RECORD EXTRACTS:
%%

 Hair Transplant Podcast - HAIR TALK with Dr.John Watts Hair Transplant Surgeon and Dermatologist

%%
%%

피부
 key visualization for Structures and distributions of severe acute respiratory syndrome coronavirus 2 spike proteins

%%
%%

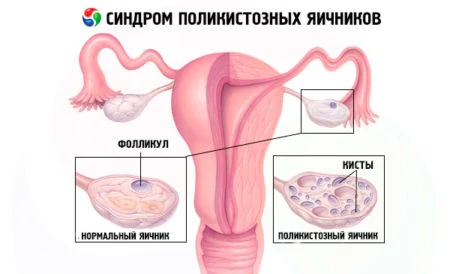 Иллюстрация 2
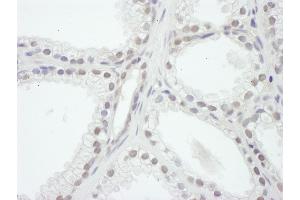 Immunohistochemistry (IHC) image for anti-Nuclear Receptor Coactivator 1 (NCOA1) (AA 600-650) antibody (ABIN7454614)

%%

REQUIRED ACTION:
In the data above, the stretch from the line with "Иллюстрация 2" through the line with "Immunohistochemistry (IHC) image" is to be returned exactly, minus any pictures.

TASK RESULT:
 Иллюстрация 2
 Immunohistochemistry (IHC) image for anti-Nuclear Receptor Coactivator 1 (NCOA1) (AA 600-650) antibody (ABIN7454614)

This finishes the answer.